> [WORK INSTRUCTION] In the material below, find the line with "Be You - Retro" and the line with "出品图:这样一道鲜香美味,香气四溢,入味下饭的青椒炒香肠就做好了", then output both and every line between them exactly, omitting pictures.

> [THE RECORDS]
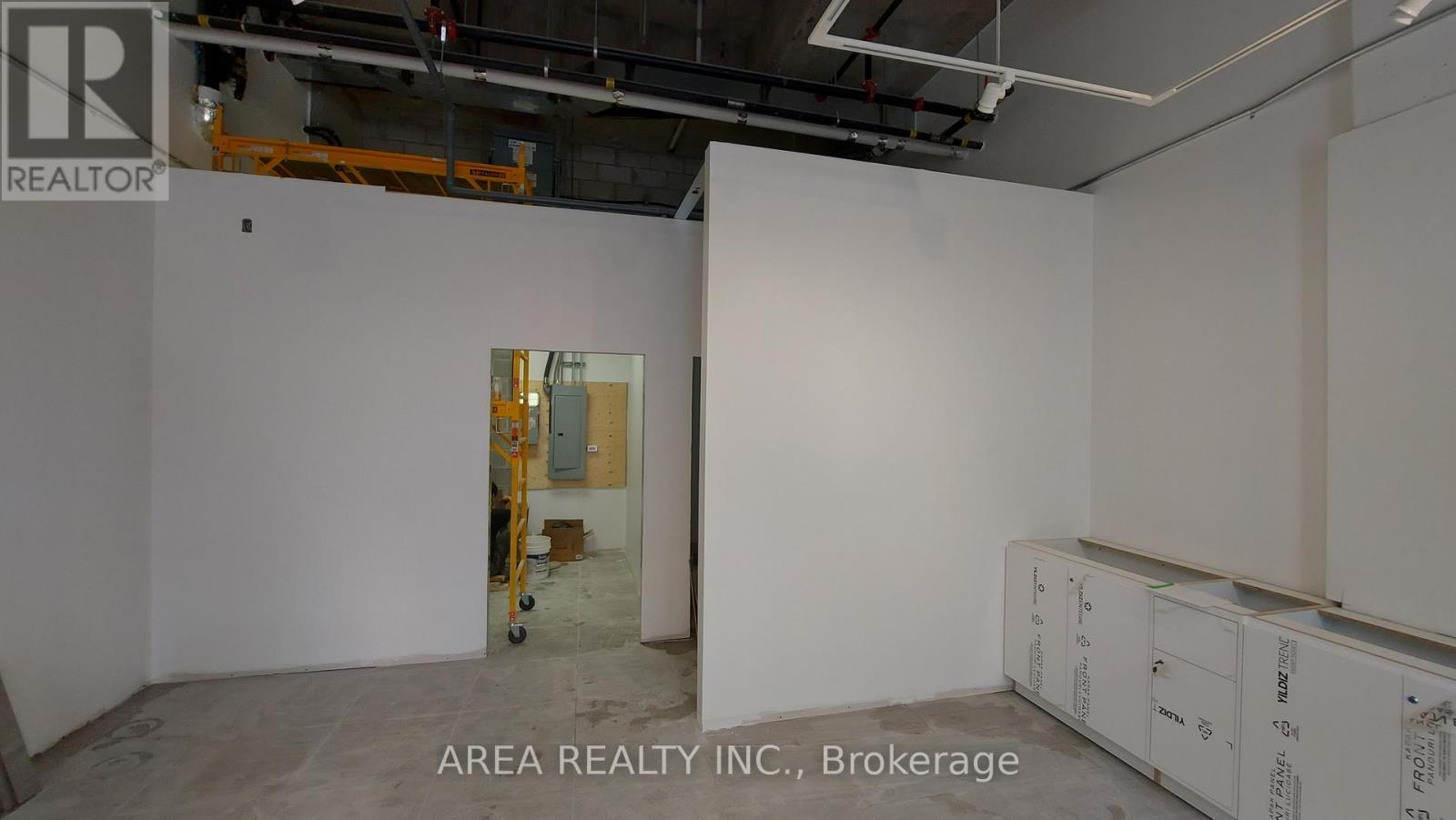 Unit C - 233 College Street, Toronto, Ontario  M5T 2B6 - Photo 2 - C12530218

---

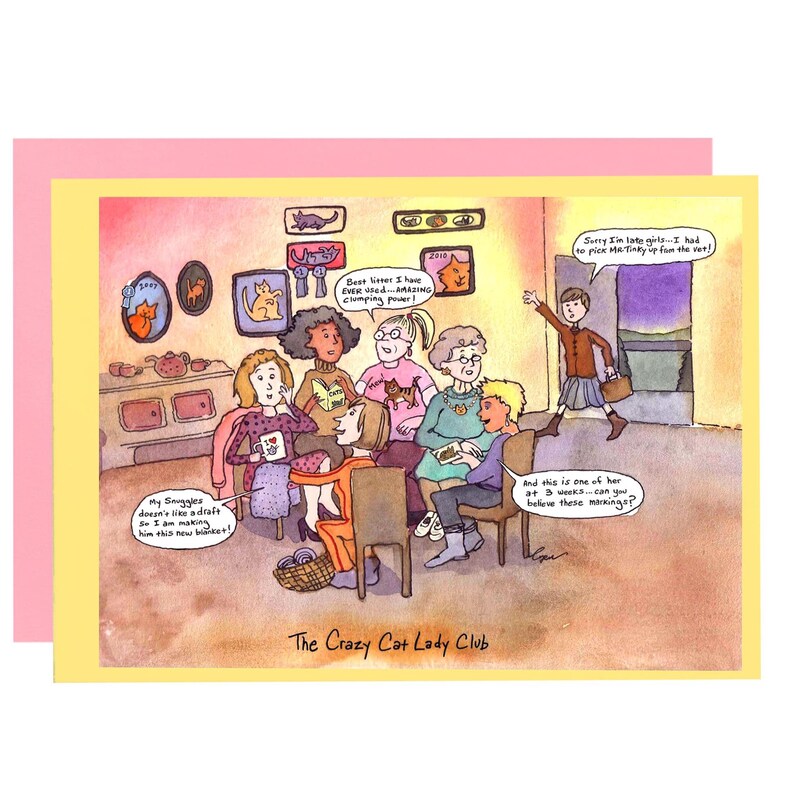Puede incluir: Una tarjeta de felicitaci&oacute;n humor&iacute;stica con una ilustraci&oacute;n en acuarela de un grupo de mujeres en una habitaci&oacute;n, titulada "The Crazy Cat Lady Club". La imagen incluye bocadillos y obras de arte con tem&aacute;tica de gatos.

==

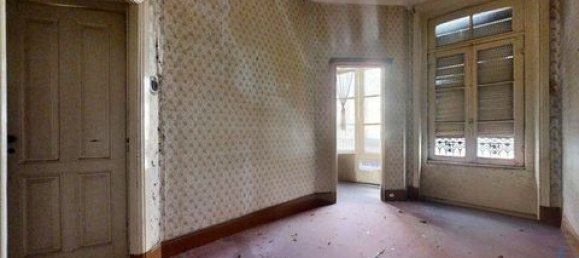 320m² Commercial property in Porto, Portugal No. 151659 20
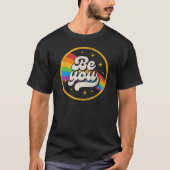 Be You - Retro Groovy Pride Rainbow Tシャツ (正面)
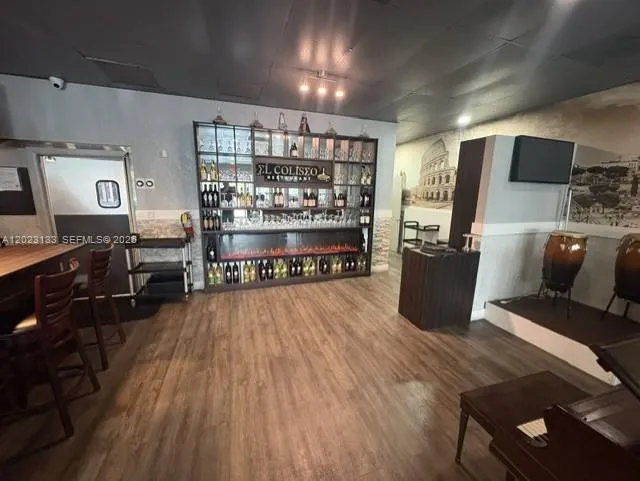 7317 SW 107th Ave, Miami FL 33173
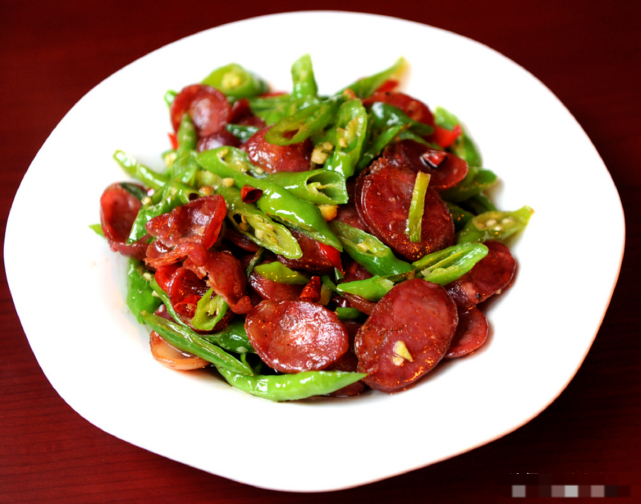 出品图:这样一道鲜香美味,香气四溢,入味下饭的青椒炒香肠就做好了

> [TASK OUTPUT]
 Be You - Retro Groovy Pride Rainbow Tシャツ (正面)
 7317 SW 107th Ave, Miami FL 33173
 出品图:这样一道鲜香美味,香气四溢,入味下饭的青椒炒香肠就做好了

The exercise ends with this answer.